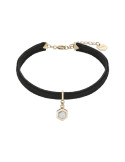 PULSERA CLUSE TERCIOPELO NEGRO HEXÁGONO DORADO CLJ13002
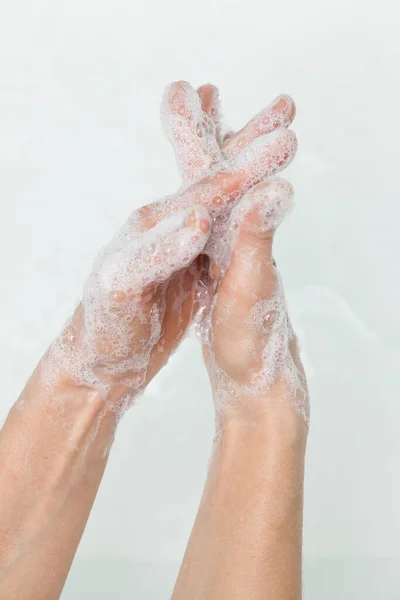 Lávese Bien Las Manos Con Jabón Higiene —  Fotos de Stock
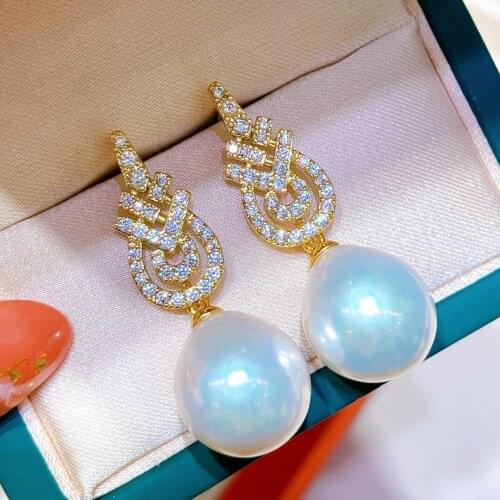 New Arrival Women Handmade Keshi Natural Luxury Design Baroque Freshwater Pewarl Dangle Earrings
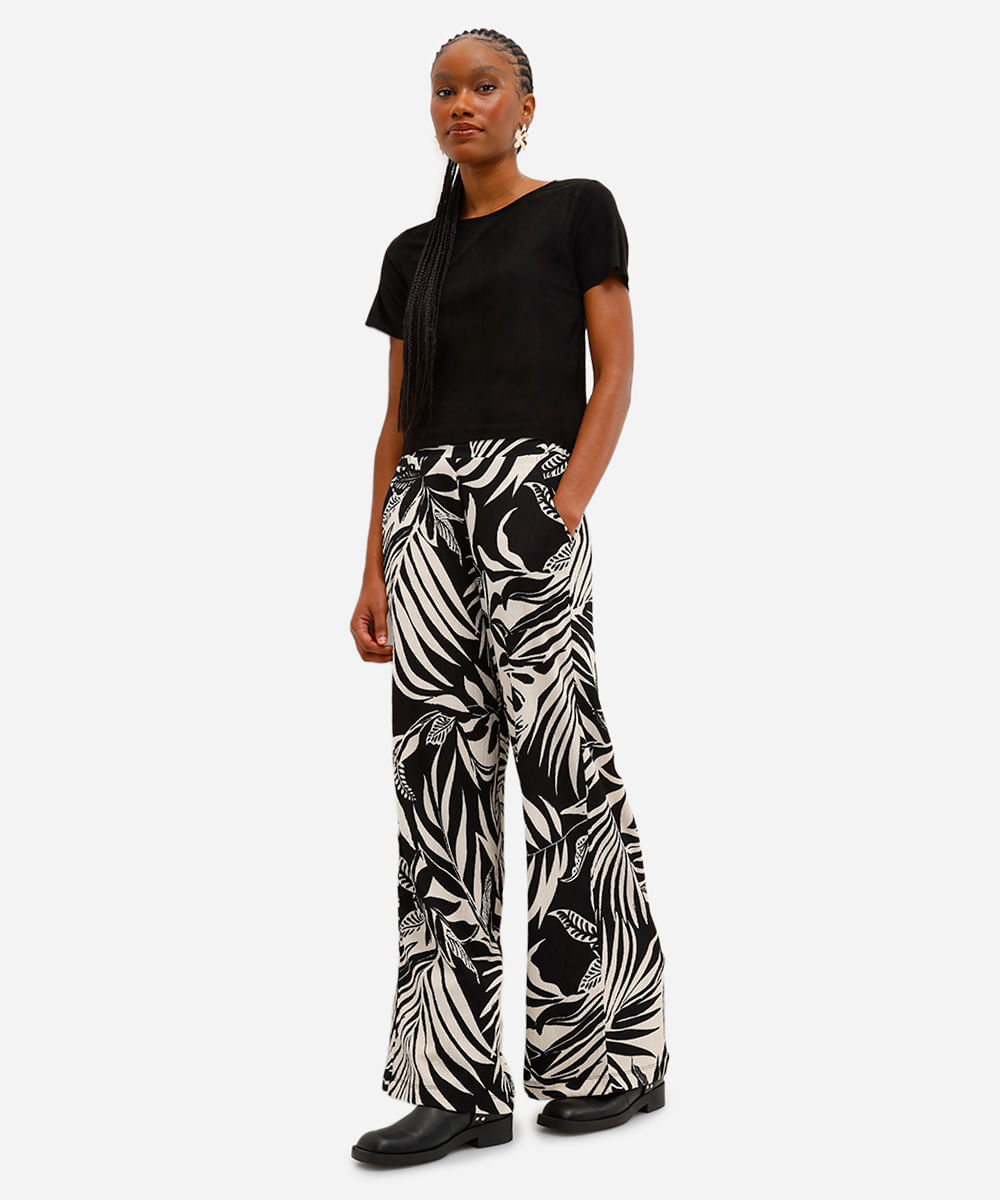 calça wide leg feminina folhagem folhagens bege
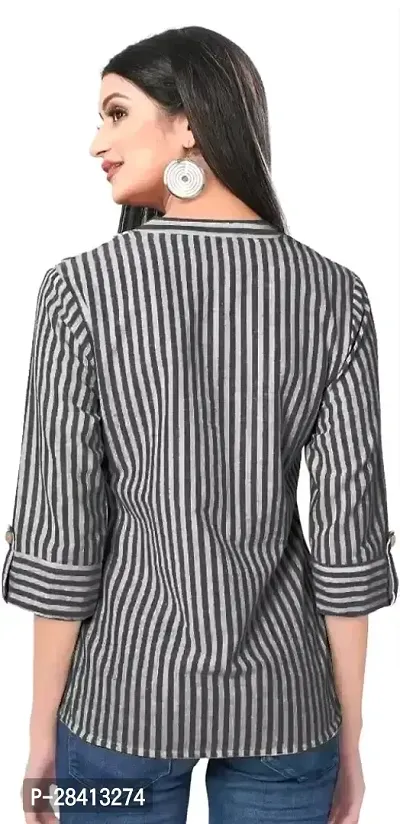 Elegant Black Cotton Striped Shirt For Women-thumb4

Task details:
Retyped exactly, the lines from the one holding "New Arrival Women" through the last line of the data above are the whole answer. Pictures stay out.

Exercise answer:
 New Arrival Women Handmade Keshi Natural Luxury Design Baroque Freshwater Pewarl Dangle Earrings
 calça wide leg feminina folhagem folhagens bege
 Elegant Black Cotton Striped Shirt For Women-thumb4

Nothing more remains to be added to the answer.